ASSIGNMENT
All of the listing is to be written out word for word, with the pictures left out.

INFORMATION SHOWN
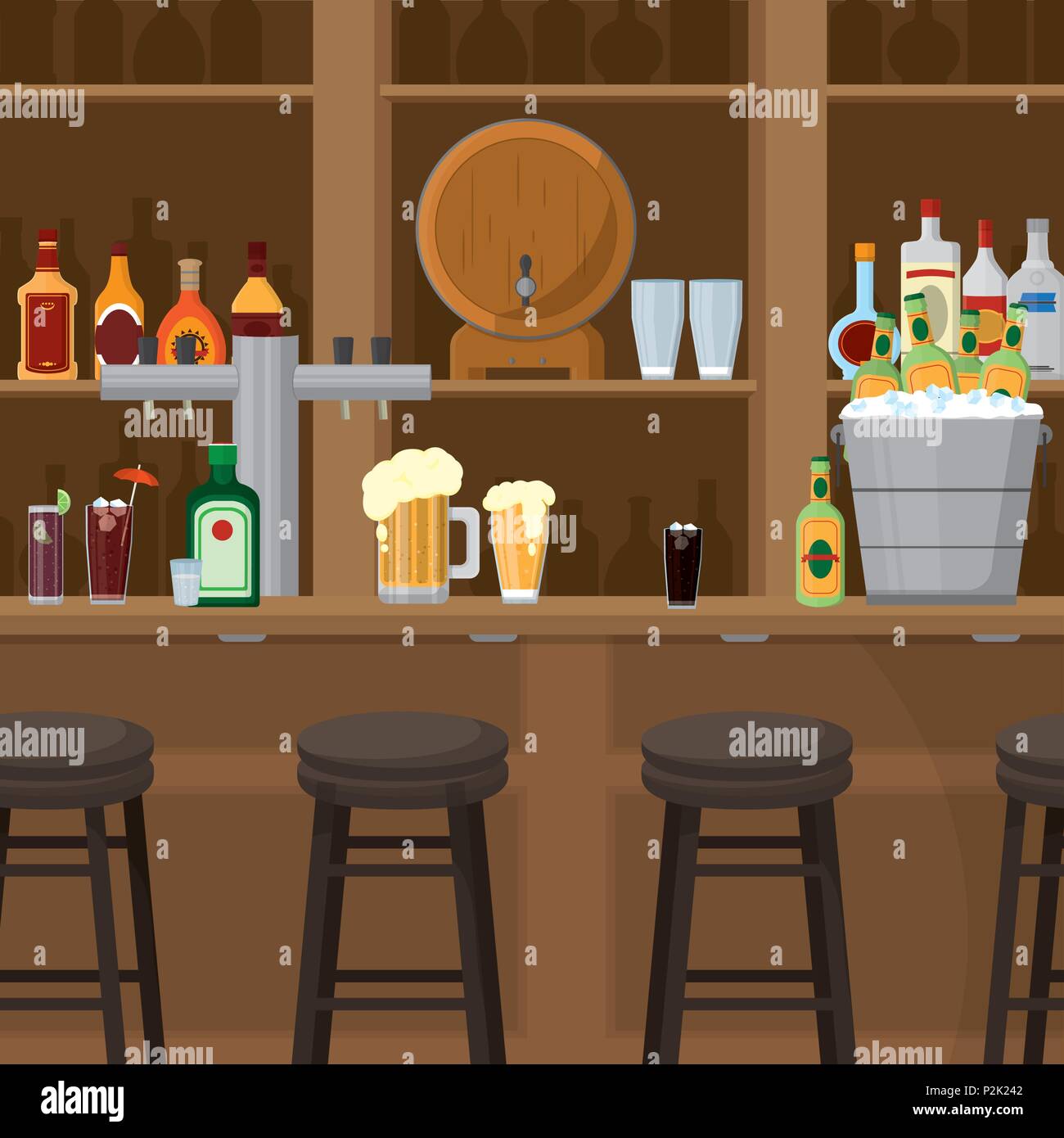 Boissons bar à l'intérieur Illustration de Vecteur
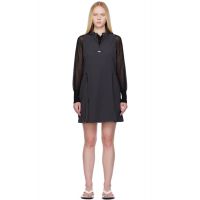 AMOMENTO Gray Nylon Hooded Minidress 252436F052001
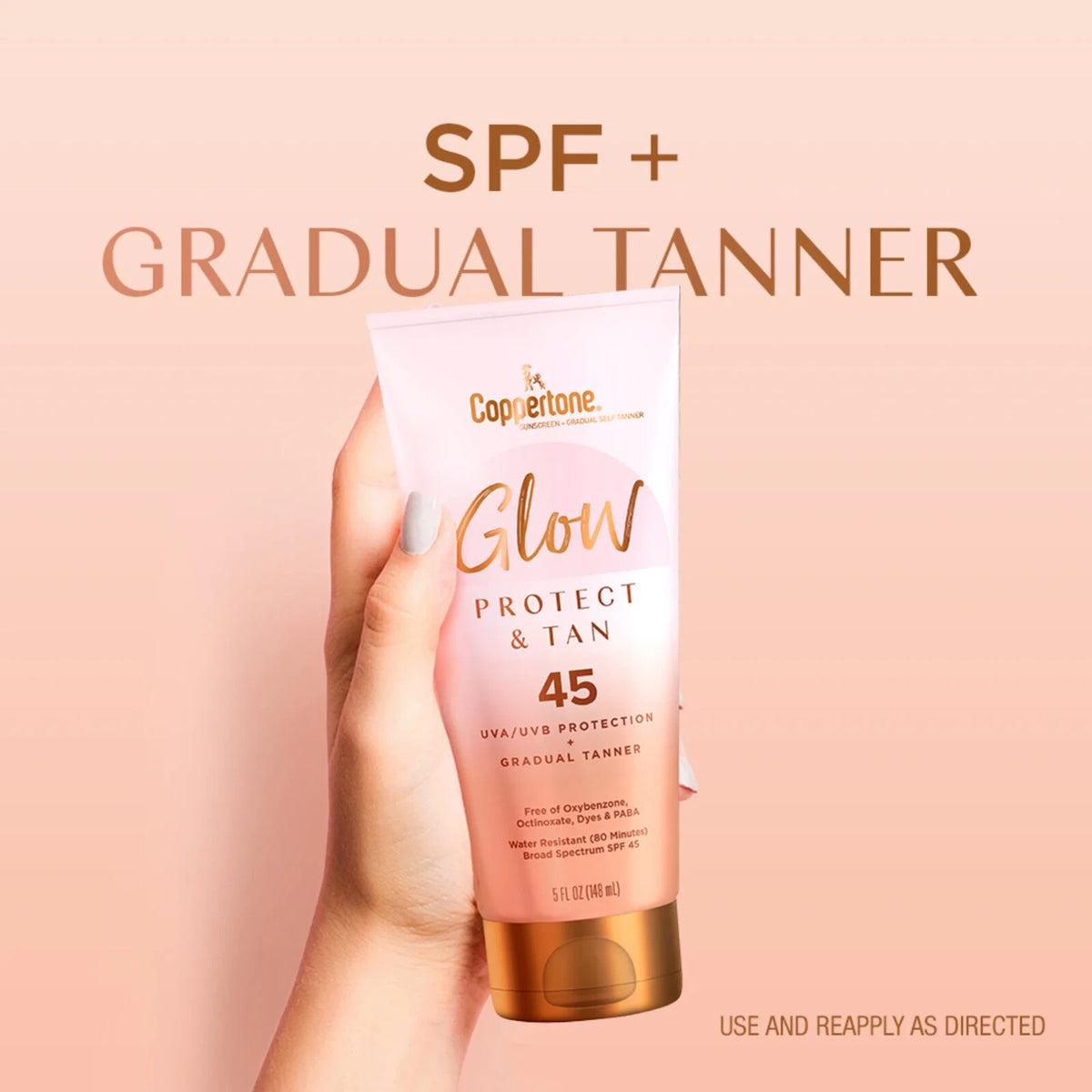 SPF 45 Sunscreen with Self Tanner - Water-Resistant, Moisturizing, 2 Pack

RESPONSE AREA
 Boissons bar à l'intérieur Illustration de Vecteur
 AMOMENTO Gray Nylon Hooded Minidress 252436F052001
 SPF 45 Sunscreen with Self Tanner - Water-Resistant, Moisturizing, 2 Pack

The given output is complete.